The FOB, which is connected to a videoendoscopy unit, is then passed through the ETT and used to visualize the airway (Fig. 10-4). It is preferable to have the patient’s head elevated and if possible to be sitting near upright to minimize airway collapse; the operator faces the patient and video monitor (Fig. 10-5). The video-assisted FOI provides feedback to those assisting with the procedure and facilitates intubation. In 80% to 85% of patients, the epiglottis and vocal folds are seen with minimal or no manipulation of the tip of the scope. In patients who are not breathing spontaneously or are older, the tongue and pharyngeal tissue may fall back and block the exposure of the larynx. A few maneuvers, including extending the head, applying jaw thrust, or gently pulling the tongue forward, help visualize the cords. Once visualized, application of 3-mL aliquots of 2% lidocaine instilled through the scope should be performed at the level of the vocal folds before intubation and time should be allowed for effect. Patience is extremely helpful at this point and continuous communication with the patient, letting him or her know that all is proceeding as planned, helps minimize anxiety. It is also helpful to have multiple syringes with “slip-tip” preloaded with lidocaine, because repeated injections may be necessary until the patient no longer coughs in response to stimulation. The scope is then advanced through the vocal folds. Timing the entry of the scope with the breathing cycle is a useful trick. Once adequate visualization is achieved, the scope is then advanced into the cervical trachea and additional lidocaine in instilled. The scope is then advanced to a level just above the carina and the ET tube is passed over the scope into position. If there is resistance during this maneuver, it is helpful to rotate the ETT 90 degrees clockwise, changing the orientation of the bevel.64
Avoiding Failure in Fiberoptic Awake Intubation
Causes of Failure
Lack of training and expertise in the use of FOB is the single most common cause of failure in awake fiberoptic intubations. Other causes may be considered under the categories of team factors, patient factors, and equipment issues. These are outlined in Box 10-4.

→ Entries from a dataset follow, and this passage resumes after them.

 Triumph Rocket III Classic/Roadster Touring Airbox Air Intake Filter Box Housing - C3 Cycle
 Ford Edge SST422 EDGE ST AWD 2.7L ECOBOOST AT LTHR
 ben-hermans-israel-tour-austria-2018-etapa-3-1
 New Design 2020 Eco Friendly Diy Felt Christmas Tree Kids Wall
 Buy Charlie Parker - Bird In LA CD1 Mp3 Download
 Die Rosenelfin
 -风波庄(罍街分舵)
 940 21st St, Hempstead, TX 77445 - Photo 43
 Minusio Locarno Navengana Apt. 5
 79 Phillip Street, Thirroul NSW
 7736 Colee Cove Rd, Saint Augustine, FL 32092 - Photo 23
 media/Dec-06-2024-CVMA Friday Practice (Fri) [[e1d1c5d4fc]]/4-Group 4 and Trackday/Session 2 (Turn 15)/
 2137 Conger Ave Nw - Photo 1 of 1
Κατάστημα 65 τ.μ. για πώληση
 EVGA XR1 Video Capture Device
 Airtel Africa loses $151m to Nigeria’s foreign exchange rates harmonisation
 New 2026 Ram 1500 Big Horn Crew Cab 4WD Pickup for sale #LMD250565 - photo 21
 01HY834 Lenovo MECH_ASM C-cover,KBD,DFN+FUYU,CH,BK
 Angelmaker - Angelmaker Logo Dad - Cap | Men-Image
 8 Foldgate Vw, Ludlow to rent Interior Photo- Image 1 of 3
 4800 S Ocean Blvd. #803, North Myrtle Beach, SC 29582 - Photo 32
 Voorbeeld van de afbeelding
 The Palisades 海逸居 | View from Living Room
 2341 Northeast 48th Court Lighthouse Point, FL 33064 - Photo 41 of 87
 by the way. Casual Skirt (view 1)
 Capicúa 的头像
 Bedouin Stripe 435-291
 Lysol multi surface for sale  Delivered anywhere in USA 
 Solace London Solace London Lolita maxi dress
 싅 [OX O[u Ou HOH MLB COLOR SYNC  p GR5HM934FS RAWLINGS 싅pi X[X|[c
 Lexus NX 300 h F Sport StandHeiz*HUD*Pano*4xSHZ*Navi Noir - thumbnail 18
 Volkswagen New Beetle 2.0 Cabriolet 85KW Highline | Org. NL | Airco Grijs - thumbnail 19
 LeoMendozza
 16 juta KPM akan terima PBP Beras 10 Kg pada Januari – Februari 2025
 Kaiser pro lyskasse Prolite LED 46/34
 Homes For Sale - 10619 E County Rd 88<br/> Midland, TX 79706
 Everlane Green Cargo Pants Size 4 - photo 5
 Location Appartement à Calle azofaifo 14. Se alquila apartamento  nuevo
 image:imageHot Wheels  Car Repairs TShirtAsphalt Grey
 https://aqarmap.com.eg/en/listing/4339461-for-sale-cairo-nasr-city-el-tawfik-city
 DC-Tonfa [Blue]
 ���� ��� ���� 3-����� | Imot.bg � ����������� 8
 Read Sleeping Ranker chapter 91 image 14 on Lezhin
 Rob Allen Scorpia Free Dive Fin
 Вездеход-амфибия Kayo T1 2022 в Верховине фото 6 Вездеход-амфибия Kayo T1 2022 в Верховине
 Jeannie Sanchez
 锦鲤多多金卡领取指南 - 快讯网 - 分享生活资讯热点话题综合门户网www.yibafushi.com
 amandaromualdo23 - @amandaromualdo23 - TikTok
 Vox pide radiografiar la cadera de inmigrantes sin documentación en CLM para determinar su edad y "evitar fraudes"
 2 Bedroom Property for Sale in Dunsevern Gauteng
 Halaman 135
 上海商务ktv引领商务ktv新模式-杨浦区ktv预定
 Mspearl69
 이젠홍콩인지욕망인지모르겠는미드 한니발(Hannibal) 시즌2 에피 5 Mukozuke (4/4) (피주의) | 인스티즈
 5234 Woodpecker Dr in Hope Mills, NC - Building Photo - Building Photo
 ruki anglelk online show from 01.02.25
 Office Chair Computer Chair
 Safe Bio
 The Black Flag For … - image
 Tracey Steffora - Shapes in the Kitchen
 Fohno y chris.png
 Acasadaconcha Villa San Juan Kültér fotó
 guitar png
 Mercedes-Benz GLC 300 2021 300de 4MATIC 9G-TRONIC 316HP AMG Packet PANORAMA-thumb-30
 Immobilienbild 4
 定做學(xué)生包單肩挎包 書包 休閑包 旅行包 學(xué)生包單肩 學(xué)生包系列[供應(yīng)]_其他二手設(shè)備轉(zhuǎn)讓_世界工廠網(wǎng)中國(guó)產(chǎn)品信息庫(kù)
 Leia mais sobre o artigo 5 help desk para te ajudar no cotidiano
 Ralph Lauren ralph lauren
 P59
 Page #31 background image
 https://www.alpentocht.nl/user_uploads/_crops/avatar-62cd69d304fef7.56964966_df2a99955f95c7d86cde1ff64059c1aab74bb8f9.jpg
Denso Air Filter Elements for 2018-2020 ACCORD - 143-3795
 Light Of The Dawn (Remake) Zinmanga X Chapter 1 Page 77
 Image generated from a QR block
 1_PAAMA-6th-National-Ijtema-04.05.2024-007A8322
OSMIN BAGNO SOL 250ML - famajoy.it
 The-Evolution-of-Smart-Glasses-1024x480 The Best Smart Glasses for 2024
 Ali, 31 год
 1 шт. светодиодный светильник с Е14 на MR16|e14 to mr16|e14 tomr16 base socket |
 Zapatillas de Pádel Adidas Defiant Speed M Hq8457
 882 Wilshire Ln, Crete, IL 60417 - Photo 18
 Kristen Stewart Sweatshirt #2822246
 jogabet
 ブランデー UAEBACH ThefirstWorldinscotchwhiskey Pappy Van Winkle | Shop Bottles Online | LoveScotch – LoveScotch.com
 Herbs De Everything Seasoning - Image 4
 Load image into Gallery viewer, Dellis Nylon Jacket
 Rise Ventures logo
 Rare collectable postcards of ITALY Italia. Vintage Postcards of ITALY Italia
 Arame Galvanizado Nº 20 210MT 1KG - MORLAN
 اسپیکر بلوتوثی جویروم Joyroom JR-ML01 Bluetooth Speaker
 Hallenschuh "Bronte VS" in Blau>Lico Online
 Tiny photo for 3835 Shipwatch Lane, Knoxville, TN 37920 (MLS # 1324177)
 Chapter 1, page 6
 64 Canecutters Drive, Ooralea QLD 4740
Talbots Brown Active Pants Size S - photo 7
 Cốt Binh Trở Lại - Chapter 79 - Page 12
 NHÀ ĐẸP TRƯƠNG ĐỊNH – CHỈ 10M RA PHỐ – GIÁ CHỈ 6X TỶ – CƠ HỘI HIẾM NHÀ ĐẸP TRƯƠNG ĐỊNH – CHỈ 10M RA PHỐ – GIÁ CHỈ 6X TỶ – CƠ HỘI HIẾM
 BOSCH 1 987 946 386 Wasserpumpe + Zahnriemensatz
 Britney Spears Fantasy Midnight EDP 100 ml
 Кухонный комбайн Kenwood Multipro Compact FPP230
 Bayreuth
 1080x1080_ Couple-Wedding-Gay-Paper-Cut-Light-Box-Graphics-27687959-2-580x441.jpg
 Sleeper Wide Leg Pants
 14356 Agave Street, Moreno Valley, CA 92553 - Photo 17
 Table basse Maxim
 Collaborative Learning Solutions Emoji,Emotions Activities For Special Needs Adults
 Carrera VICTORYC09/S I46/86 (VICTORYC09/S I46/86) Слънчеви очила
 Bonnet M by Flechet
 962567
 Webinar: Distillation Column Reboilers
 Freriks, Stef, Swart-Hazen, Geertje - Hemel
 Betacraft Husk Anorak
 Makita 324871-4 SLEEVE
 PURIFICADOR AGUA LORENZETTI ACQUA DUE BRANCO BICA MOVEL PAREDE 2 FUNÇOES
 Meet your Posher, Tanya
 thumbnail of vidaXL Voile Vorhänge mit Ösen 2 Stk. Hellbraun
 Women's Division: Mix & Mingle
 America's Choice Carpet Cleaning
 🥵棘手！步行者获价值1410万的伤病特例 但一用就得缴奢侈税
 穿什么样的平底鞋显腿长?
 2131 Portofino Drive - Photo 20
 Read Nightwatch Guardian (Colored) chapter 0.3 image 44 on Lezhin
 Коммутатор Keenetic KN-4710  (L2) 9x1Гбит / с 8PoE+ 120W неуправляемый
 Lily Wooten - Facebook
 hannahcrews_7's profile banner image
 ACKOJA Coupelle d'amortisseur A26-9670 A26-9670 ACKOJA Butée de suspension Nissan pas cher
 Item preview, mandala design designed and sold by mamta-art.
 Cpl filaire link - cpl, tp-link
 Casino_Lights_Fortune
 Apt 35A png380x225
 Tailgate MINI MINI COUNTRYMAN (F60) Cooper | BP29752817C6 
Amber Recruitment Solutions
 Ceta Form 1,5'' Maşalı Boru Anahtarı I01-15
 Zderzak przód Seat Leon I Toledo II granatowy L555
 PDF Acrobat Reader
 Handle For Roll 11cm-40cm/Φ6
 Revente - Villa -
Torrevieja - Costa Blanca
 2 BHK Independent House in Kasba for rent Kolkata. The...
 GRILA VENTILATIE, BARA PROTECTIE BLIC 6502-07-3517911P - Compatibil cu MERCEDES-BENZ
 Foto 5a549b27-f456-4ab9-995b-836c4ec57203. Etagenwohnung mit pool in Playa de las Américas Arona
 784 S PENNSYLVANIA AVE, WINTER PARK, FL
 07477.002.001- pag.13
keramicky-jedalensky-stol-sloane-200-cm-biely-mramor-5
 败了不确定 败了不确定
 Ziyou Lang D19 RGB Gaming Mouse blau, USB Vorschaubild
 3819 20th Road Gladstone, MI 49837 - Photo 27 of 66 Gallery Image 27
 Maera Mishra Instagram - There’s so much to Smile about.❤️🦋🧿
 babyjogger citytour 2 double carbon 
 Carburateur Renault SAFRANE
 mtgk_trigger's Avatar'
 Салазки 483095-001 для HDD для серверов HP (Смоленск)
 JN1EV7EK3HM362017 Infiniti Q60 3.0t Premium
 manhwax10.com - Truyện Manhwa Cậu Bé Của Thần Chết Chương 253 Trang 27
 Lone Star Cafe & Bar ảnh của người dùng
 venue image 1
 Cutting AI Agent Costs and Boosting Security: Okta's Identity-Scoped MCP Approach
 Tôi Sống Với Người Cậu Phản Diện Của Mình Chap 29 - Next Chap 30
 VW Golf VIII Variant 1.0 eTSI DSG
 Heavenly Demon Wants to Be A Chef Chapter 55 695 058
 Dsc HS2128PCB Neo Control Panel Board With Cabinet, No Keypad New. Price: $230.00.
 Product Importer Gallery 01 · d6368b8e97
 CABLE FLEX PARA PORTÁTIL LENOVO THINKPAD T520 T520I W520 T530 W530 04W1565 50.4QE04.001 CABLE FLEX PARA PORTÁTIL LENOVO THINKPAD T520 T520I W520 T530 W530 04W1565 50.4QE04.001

Pearls to Ensure Successful Awake Fiberoptic Intubation
The training and expertise of the operator and the team is most critical (see Box 10-3 for a list of keys for successful awake intubation). There is no substitute for structured training during residency or fellowship.65,66 Preparing the team and keeping the communication lines open during the entire process helps ensure successful intubation. Maintaining a fully stocked, easily transportable, and functioning FOB cart at hand is highly desirable as well.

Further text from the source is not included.